# Patterns for letters?



## gasmansteve (8 Dec 2009)

Hi chaps
While looking around a shop selling posh interior design stuff my other half came across the word `WOW` in large letters on the wall and said she would quite like something like that in our kitchen (why WOW god only knows :lol: ) anyway I made the mistake of saying "They should be easy to make on the scrollsaw and save six quid a letter as well " so now I`ve been given the job of making them and I wondered if anyone could point me to some patterns or such like to print out and then cut out on the saw please?. I have been reading tutorials on `Inkscape` for the scrollsaw so that might be an option but I`m not too sure about selecting the right font/size/shape etc help!
Cheers
Steve


----------



## Tenko (8 Dec 2009)

Steve,

I'd choose the font you like in Word, set the size and change the colour to light gray to save ink and print out and stick on the chosen wood in the usual way.

Mick.


----------



## gasmansteve (8 Dec 2009)

Good idea that Mick thanks. I did wonder if there was an option with some of the plotting applications like Inkscape to choose a font and then print its outline instead of a solid letter although I suppose a grey letter would do rather than solid black.
Thanks
Steve


----------



## pren (8 Dec 2009)

Hi.

I've done similar letters before using Word to print them out. more letters

If you go to a free font site such as www.dafont.com you can download hundereds of different fonts. The font for my letters was Garamond Macron, from MS Word. I printed mine to around 700pt which comes out at around 20cm ish. Stick the paper to the wood with masking tape and prittstick and cut out. Rounding the corners with a router can be tricky as the router tips (apologies for any egg-suck lessons  ) so I found it was easier done on a router table. 

HTH


----------



## pren (9 Dec 2009)

gasmansteve":1h8h4nq1 said:


> Good idea that Mick thanks. I did wonder if there was an option with some of the plotting applications like Inkscape to choose a font and then print its outline instead of a solid letter although I suppose a grey letter would do rather than solid black.
> Thanks
> Steve



In word, highlight the letter > right click > Font > tick the 'outline' checkbox. Gives you just the outline of the letters.


----------



## wizer (9 Dec 2009)

Here is an exhaustive list of sites that offer free fonts. You'll spend days browsing these (speaking as a bit of a TypeFace fanatic).
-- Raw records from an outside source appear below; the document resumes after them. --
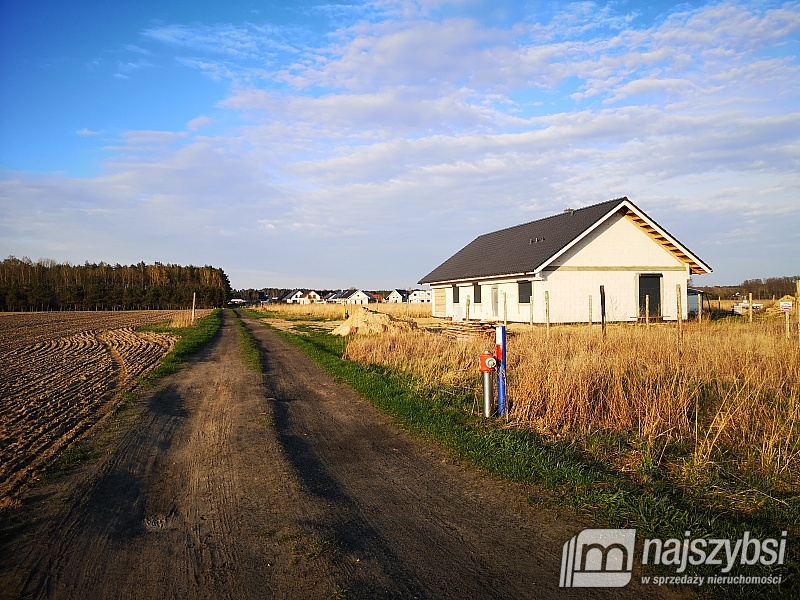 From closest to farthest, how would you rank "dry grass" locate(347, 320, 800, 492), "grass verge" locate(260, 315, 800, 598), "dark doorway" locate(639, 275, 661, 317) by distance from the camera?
"grass verge" locate(260, 315, 800, 598) < "dry grass" locate(347, 320, 800, 492) < "dark doorway" locate(639, 275, 661, 317)

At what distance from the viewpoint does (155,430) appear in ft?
26.5

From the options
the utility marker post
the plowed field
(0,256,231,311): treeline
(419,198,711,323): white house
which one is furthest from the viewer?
(0,256,231,311): treeline

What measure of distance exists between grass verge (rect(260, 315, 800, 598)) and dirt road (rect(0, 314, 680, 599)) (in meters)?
0.34

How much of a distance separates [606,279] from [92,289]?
290ft

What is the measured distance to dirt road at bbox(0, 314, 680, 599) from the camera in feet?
12.0

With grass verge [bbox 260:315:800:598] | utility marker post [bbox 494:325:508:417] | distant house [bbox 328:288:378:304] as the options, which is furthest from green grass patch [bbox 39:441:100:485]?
distant house [bbox 328:288:378:304]

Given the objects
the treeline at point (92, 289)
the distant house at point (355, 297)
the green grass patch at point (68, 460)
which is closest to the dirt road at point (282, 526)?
the green grass patch at point (68, 460)

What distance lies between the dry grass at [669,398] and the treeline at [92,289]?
8618 centimetres

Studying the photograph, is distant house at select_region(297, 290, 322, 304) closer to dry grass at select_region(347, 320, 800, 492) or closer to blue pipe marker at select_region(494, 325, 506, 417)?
dry grass at select_region(347, 320, 800, 492)

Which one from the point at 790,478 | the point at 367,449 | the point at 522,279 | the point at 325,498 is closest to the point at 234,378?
the point at 367,449

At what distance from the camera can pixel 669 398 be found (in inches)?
281

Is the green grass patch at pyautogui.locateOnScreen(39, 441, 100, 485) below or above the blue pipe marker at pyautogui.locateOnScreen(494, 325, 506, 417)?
below

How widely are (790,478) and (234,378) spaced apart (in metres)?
11.3

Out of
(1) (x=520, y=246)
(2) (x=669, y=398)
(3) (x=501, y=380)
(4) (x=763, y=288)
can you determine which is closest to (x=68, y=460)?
(3) (x=501, y=380) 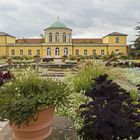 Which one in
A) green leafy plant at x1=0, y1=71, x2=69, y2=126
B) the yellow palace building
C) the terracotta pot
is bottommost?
the terracotta pot

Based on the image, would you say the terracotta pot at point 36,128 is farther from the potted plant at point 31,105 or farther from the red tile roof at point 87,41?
the red tile roof at point 87,41

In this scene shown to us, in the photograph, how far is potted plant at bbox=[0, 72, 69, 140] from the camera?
2875mm

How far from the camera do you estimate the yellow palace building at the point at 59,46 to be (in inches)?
2101

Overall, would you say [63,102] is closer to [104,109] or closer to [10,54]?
[104,109]

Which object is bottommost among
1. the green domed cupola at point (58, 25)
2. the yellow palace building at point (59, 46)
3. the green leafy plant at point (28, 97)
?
the green leafy plant at point (28, 97)

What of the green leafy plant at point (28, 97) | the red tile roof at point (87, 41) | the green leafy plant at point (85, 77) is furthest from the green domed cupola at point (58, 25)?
the green leafy plant at point (28, 97)

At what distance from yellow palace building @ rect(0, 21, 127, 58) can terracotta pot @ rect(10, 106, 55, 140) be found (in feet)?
164

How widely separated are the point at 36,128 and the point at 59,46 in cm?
5146

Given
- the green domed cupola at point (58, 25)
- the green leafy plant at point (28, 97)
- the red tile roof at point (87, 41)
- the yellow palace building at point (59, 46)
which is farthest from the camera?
the green domed cupola at point (58, 25)

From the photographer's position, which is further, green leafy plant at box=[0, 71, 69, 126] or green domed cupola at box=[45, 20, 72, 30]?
green domed cupola at box=[45, 20, 72, 30]

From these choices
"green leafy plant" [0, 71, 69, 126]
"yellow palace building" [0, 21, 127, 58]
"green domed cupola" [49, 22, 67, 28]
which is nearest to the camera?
"green leafy plant" [0, 71, 69, 126]

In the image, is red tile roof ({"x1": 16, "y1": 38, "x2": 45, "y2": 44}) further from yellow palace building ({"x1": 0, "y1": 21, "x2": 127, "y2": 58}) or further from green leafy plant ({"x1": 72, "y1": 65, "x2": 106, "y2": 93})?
green leafy plant ({"x1": 72, "y1": 65, "x2": 106, "y2": 93})

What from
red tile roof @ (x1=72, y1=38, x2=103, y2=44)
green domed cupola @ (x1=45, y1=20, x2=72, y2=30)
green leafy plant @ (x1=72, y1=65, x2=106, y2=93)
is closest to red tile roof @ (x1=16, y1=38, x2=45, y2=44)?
green domed cupola @ (x1=45, y1=20, x2=72, y2=30)

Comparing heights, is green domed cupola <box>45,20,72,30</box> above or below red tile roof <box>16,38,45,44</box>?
above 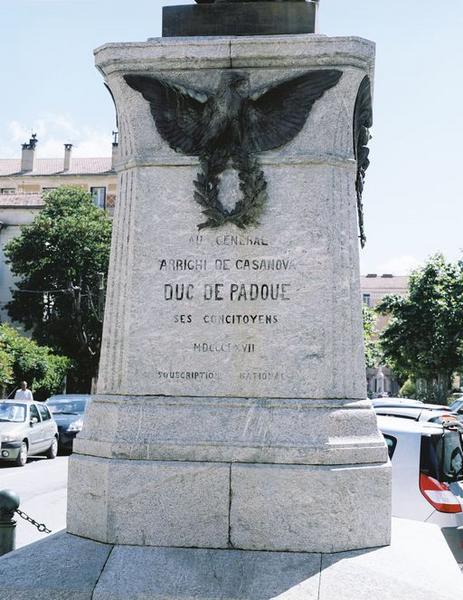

http://www.graphicsngraphicdesign.com/h ... #fontslist


----------



## gasmansteve (10 Dec 2009)

Ta for the info Mick,Tom and Bryn

Bryn - managed to get the font Garamond Macron downloaded but I only have Open Office (and wordpad) and wondered where/which directory to load the new fonts into? plus I noticed in Open Office certain fonts will only expand to 144 pts- about 3" or so?. I just unzipped them to a temp folder for now..Maybe have to have a look round for MS Word.
Cheers
Steve


----------



## gasmansteve (10 Dec 2009)

Soz found the directory Windows/fonts Doh!. Fonts installed fine but in Open Office max font size only go up to 96pt any ideas how to go bigger ??
Thanks again
Steve


----------



## wizer (10 Dec 2009)

Steve, IIRC you can just type a bigger font size in the drop down box to whatever size you like?

If not, then use draw. You'll definitely be able to do it in there.


----------



## gasmansteve (10 Dec 2009)

Thanks for that Tom never knew you could just type a size in the box and away you go excellent cheers
Steve


----------



## pren (10 Dec 2009)

Hey Steve.

Glad you got it all sorted. Word / Office are really useful tools for this sort of thing, aren't they?  

I've also started using SketchUp recently for lettering templates. Being able to rotate/resize letters on the one design is much easier than Office guess work and cutting and pasting (literally!). As long as the fonts are in your 'fonts' folder (same as for word / openoffice) then they can be used in SU.


----------



## Mike Wingate (12 Dec 2009)

Thanks all for the excellent advice. The tip on outlines is really useful. Using the computer gives proper spacing. I have eeeenormous numbers on my wheelie bins, cut out in sticky backed vinyl on a cad cam cutter (Roland). My house number was printed off word and cut out of polycarbonate with the scrollsaw.


----------